Rising water cuts access to Lois Hole park
RCMP unable to patrol area due to depth of water
By: Peter Boer
| Posted: Wednesday, Aug 01, 2012 06:00 am
With the Sturgeon River rising higher with every drop of rain, the only path leading to Lois Hole Centennial Provincial Park and the Big Lake Environment Support Society (BLESS) viewing platform has been washed out again.
Local activist Elke Blodgett has been documenting the rising water levels with her camera. She says she first noticed water starting to creep onto the pathway under the Ray Gibbon Drive bridge on July 24. She notified public works, who promptly erected a warning sign.
On Monday, the path was covered in water for a distance of about 20 metres.
“A concern is obviously for safety,” Blodgett said. “Kids on their bikes that go off on their own and go down there and it’s very easy to slip into the river.”
The frequency and duration of the flooding have become a point of contention for both Blodgett and BLESS. Pat Collins, president of BLESS, has repeatedly asked council to somehow address the issue as there are no other paths leading to the platform or park. The only other way to access either is to cross Ray Gibbon Drive.

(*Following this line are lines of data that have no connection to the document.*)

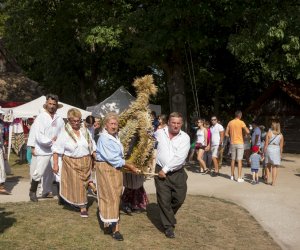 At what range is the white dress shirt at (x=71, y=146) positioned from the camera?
7277 mm

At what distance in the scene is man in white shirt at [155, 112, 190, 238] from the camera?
6.59m

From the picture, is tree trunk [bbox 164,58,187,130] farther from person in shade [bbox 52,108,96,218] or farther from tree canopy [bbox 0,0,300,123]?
person in shade [bbox 52,108,96,218]

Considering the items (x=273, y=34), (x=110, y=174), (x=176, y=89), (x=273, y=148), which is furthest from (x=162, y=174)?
(x=176, y=89)

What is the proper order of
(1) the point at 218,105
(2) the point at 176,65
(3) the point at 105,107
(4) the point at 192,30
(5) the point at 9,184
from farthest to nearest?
(1) the point at 218,105 < (3) the point at 105,107 < (2) the point at 176,65 < (4) the point at 192,30 < (5) the point at 9,184

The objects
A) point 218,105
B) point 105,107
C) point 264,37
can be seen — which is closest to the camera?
point 264,37

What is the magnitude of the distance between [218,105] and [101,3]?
38.4 feet

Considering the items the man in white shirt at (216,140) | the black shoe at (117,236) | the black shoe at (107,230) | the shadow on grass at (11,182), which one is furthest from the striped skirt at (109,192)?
the man in white shirt at (216,140)

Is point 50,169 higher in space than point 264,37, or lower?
lower

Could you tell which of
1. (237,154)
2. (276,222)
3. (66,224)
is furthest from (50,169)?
(237,154)

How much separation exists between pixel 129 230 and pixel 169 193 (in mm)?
846

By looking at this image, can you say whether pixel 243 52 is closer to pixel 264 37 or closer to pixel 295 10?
pixel 264 37

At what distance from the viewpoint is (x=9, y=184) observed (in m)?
11.1

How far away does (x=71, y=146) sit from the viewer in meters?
7.26

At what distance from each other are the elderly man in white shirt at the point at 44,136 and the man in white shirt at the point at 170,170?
2.41 metres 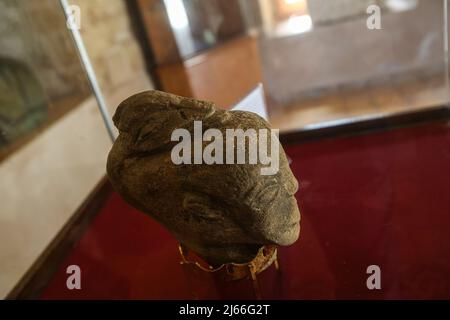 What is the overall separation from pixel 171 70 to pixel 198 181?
135cm

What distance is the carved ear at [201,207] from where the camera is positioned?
0.82 metres

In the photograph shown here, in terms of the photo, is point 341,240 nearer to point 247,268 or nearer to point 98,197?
point 247,268

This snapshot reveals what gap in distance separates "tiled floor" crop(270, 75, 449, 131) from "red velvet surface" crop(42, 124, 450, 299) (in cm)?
29

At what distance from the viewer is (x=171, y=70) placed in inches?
81.0

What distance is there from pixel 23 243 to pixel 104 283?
38 cm

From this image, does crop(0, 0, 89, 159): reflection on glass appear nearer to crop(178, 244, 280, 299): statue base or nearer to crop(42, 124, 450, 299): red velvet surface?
crop(42, 124, 450, 299): red velvet surface

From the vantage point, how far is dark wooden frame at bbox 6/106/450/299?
1354mm

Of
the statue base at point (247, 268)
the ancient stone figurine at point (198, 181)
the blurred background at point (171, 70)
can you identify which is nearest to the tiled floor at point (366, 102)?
the blurred background at point (171, 70)

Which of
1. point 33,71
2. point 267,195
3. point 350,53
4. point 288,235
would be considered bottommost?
point 350,53

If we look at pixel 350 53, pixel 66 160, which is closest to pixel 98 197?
pixel 66 160

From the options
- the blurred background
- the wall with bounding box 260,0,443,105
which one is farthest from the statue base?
the wall with bounding box 260,0,443,105

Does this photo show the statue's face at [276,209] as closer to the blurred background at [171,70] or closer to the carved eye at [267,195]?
the carved eye at [267,195]

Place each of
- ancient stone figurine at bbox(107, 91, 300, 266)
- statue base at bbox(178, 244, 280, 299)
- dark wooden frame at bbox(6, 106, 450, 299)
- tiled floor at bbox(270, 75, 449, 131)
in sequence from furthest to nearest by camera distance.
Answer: tiled floor at bbox(270, 75, 449, 131), dark wooden frame at bbox(6, 106, 450, 299), statue base at bbox(178, 244, 280, 299), ancient stone figurine at bbox(107, 91, 300, 266)

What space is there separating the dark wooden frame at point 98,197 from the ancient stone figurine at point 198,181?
0.69 m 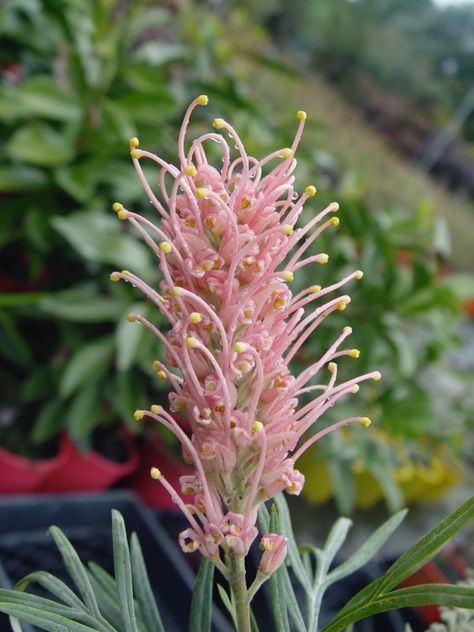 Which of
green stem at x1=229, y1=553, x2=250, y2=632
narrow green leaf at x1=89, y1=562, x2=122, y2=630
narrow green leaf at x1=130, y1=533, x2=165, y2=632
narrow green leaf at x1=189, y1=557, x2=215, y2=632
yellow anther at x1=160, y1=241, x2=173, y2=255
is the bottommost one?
narrow green leaf at x1=89, y1=562, x2=122, y2=630

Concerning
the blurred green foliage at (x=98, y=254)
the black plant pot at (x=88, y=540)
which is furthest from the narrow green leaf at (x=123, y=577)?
the blurred green foliage at (x=98, y=254)

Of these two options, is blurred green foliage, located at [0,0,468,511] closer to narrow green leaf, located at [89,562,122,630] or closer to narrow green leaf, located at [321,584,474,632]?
narrow green leaf, located at [89,562,122,630]

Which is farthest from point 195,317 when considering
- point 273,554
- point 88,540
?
point 88,540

While the engineering department put together several options such as a floating bridge and levees, council voted in April to put forward a business case for the 2013 budget, which won’t be approved until December.
Council had previously asked the city administration to evaluate potential solutions so that a local group like BLESS could apply for grant funding to repair the problem.
“It’s kind of a struggle but we did get the city to commit to it,” Collins said. “Whether it goes through in the budget is another matter.”
City staff had predicted there was less than a 20-per-cent chance that section of the trail would flood, but that was based purely on snowmelt in the spring and not on the volume of rainfall in the last two weeks, said acting city manager Guy Boston.
“There’s no way of predicting rain over a year,” Boston said.
Access and safety aren’t the only concerns. Cpl. Laurel Kading of the St. Albert RCMP detachment visited the trail Monday night and said the water on the trail is so deep the Electric Patrol Vehicle (EPV) the RCMP uses to patrol the trail system cannot cross it. That means the detachment can’t check in on the viewing platform, which has seen some thefts and vandalism.
“The flooding there in that underpass is sufficient that we were not able to get through on the [EPV] and were not able to go over on that side to patrol the Big Lake area, but we certainly patrol the rest of the trail area,” she said.
Collins said that is worrisome.
“I think it is a concern because we’ve had our canoe stolen in the past, we have a canoe out there and we’ve had that stolen. We’ve had some vandalism to the platform and this year someone tried to set fire to our little picnic table, so that’s definitely a concern.”
Collins said he is in contact with an engineer from the city to try and develop the best possible solution to the flooding problem. While nothing can be done this year, Collins is optimistic about next spring.
“This is the first time the city has really committed to repairing that problem and I feel hopeful it will go through this year.”